J’ai toujours été fascinée par les masques. Ceux que nous apposons sur nos visages comme des remparts entre nous et les autres. Il ne faut pas se dévoiler de suite, par méfiance ou crainte. L’on pourrait nous blesser, s’infiltrer comme du sable dans une machine bien huilée et nous empêcher ensuite de nous mouvoir, de vivre, de respirer comme avant.
Il ne faut pas que l’on pénètre l’armure. Nous enfilons des heaumes et nous observons, à travers ces meurtrières, ceux et celles qui nous font face.
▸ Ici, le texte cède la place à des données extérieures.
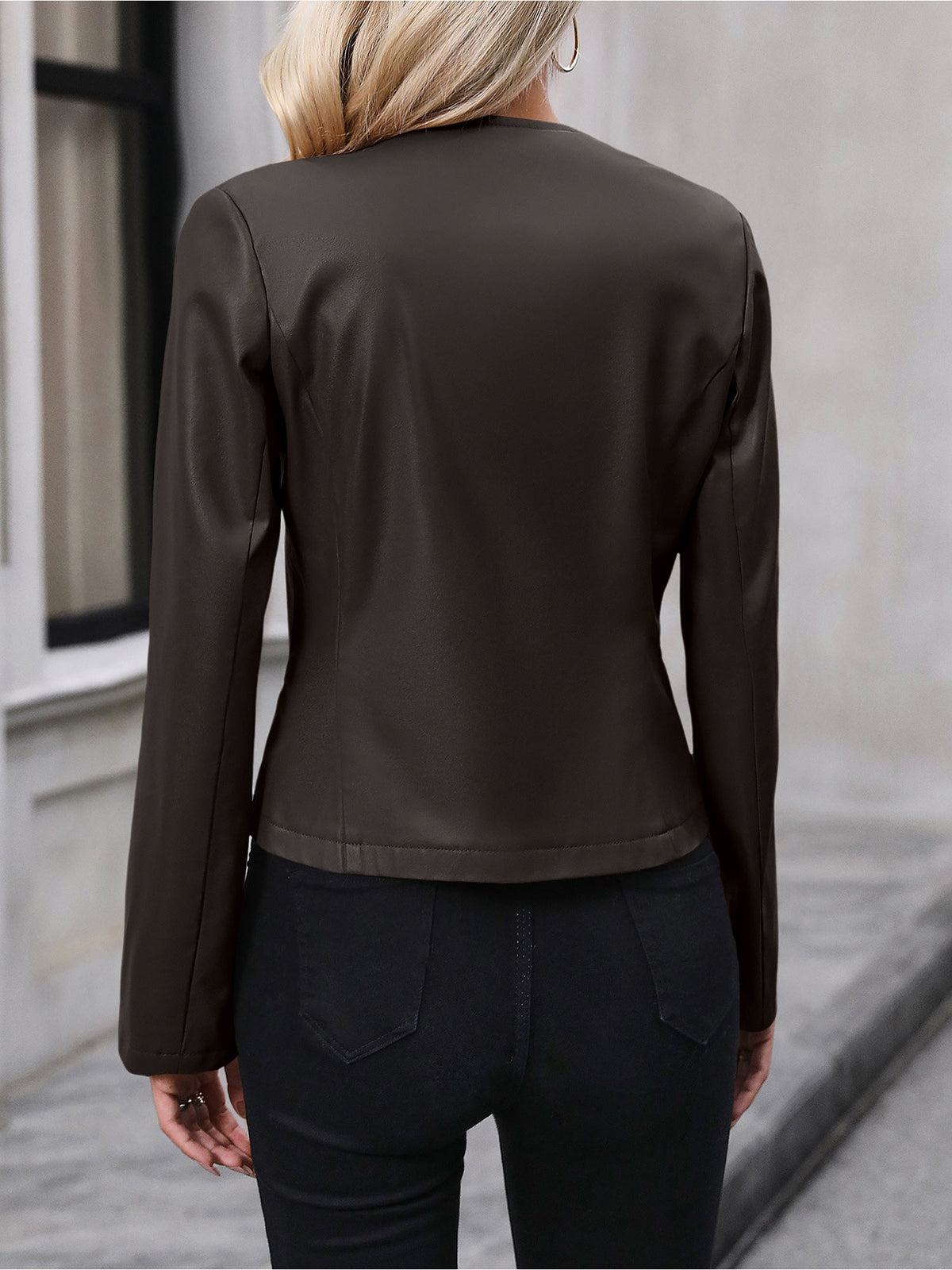 Faye | Round-Neck Cropped Faux Leather Jacket for Winter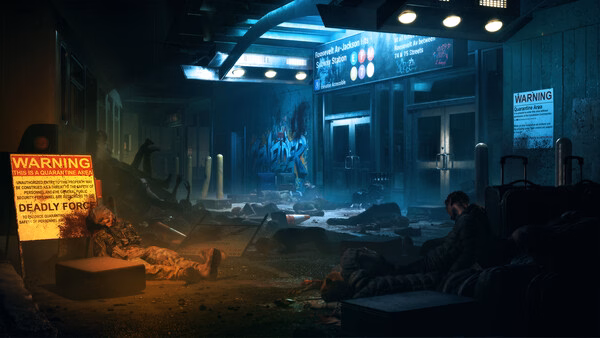 A dark, eerie subway station filled with debris and survivors in 'No More Room in Hell 2' screenshot.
Nous trichons donc. Tous et toutes un peu. Nous apposons des caractères, des expressions, des idées convenues et convenables. Les yeux et les sourires ne trompent pas mais nous arrivons quelques fois à déguiser nos émotions. A ne rien laisser transparaître et à dissimuler nos faiblesses, nos cicatrices, nos doutes sous une assurance froide.
A force de côtoyer certaines personnes, nous apprenons à tomber justement la façade. A laisser les vraies émotions surgir, sous ces masques enfilés à la va-vite ou qui sont devenus si partie prenante de notre être qu’ils en sont presque une seconde peau.
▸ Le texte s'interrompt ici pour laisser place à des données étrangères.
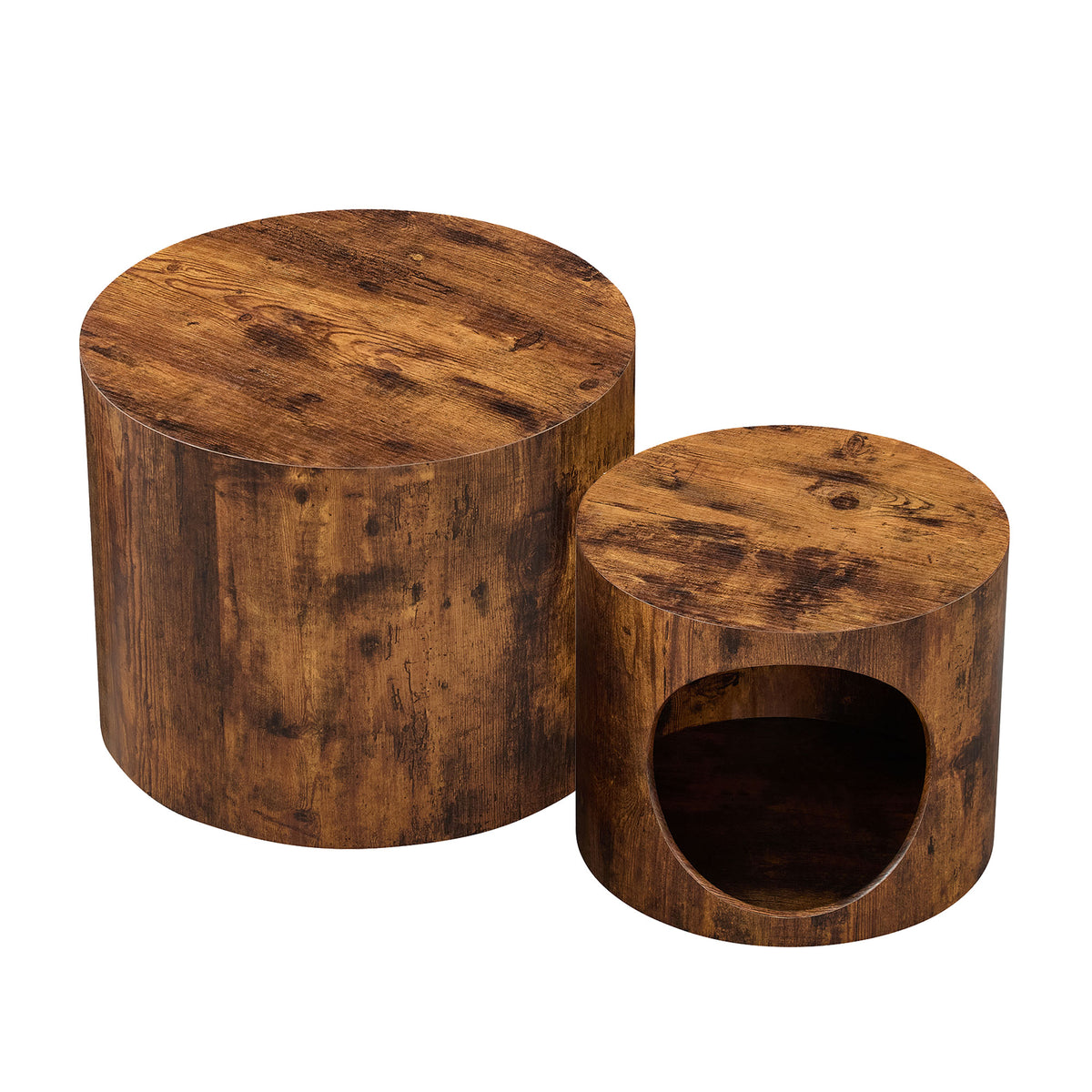 Cat Nest Nesting Stool Set Round Nesting Coffee Table Set of 2 for Living - Image 2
Certaines personnes font disparaître les masques avec une surprenante désinvolture, elles ne trichent pas et agissent sans arrière pensée, sans faux semblant. Ces individus me fascinent, leur spontanéité et honnêteté n’ont d’égal pour moi que leur courage. Même dans les moments difficiles, elles restent droites et entières. Fiables.
Il y a parfois de bonnes surprises : certaines personnes dont nous nous méfions révèlent un jour, sous leur masque froid et condescendant, une magnifique sensibilité. Une douce vulnérabilité. Une loyauté sidérante. Elles se révèlent et le déguisement qu’elles empruntaient depuis tant d’années ne leur rendaient pas hommage.
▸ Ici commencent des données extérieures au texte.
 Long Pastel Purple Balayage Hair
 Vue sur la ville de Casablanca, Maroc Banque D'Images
Et il y a les autres. Ceux dont le masque tombe bien des années plus tard, où l’on se rend compte que ce qu’on nous avait vendu pendant tout ce temps comme leur vrai visage n’était qu’un mensonge bien rodé. De très jolies qualités arborées pour l’image, le plaisir de la représentation, les conventions. Le beau rôle. Parfois, le masque se fissure au fil du temps, nous voyons des éclats et des indices mais très souvent, nous mettons ces écarts sur le dos de la fatigue. Des circonstances. De blessures non réglées. Par peur surtout de nous avouer nous être trompés. L’autre n’est pas celui que l’on pensait, à qui nous avions donné notre confiance : nous nous sommes fourvoyés.
Le masque finit par voler en éclat un jour et il ne nous reste plus qu’à observer le vrai visage de l’autre. Le nôtre également et notre incapacité à avoir su discerner l’obscurité dans ce regard, ces discussions, ces gestes.
Au final, nous ne nous connaissions pas. Et l’idée de perdre une chimère est bien plus insoutenable que de perdre quelque chose de tangible.
Mais le plus important reste que nous les avons aimés. Entièrement. Sans fioriture. Et c’est cet élan du cœur qu’il faut conserver, ce doux espoir, cette volonté de voir le beau chez l’autre. Malgré les masques. Malgré la sensation de se briser en mille morceaux ensuite.
Et n’oublions pas que nous aussi, nous avons porté des masques et trompé à notre tour.